In the long run, none of the nations of Northeast Asia has a game-changing demographic advantage over the others. They are all seeing rapidly plummeting birth rates and aging populations. The level and character of China’s demographic dominance will remain quite static over time, at least until the arc of the present descends below the horizon of predictability. There is an odd poetic symmetry in the aging of the populations and the aging of the Korean armistice, at least as things appear today. No one has a vision for knocking either human dynamic off of its current trajectory.
But man’s record of wisdom in taking things for granted is a pretty poor one. It bears constant reiteration that World War I became the bloodbath it did not because Europeans had a vision or an appetite for big wars, but because, after decades of Bismarck-and-von-Moltke-ism, they took it for granted that modern wars would remain small. Complacency, rather than enthusiasm, tends to be our worst enemy.
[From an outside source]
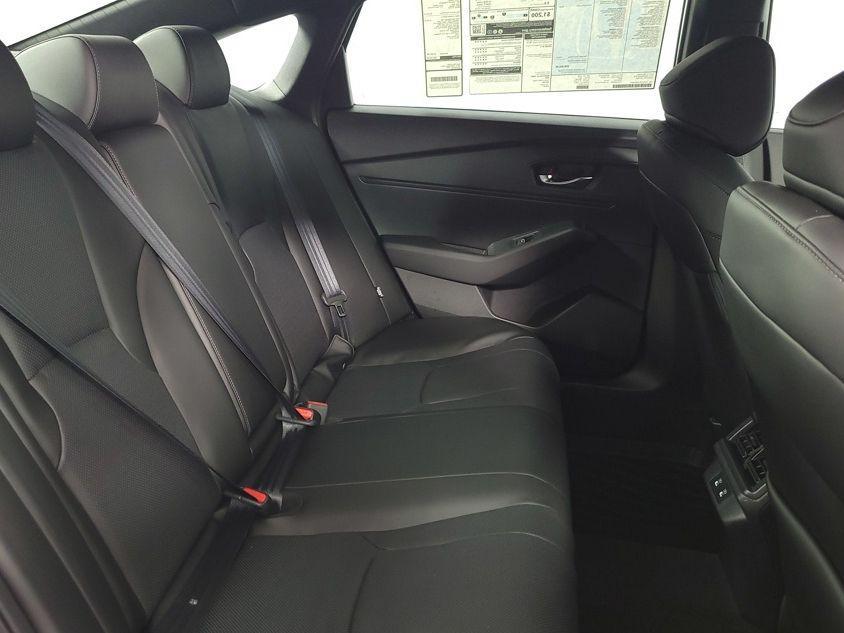 new 2025 Honda Accord Hybrid car, priced at $36,570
What is strange but true in the Far East could metastasize quickly and unexpectedly, as it could elsewhere. It doesn’t help when the erstwhile “big dog” is still trotting officials around, like John Kerry, who throw wild promises into the mix where Vladimir Putin and Kim Jong-Un can hear them.
J.E. Dyer’s articles have appeared at Hot Air, Commentary’s “contentions,” Patheos, The Daily Caller, The Jewish Press, and The Weekly Standard online. She also writes for the new blog Liberty Unyielding.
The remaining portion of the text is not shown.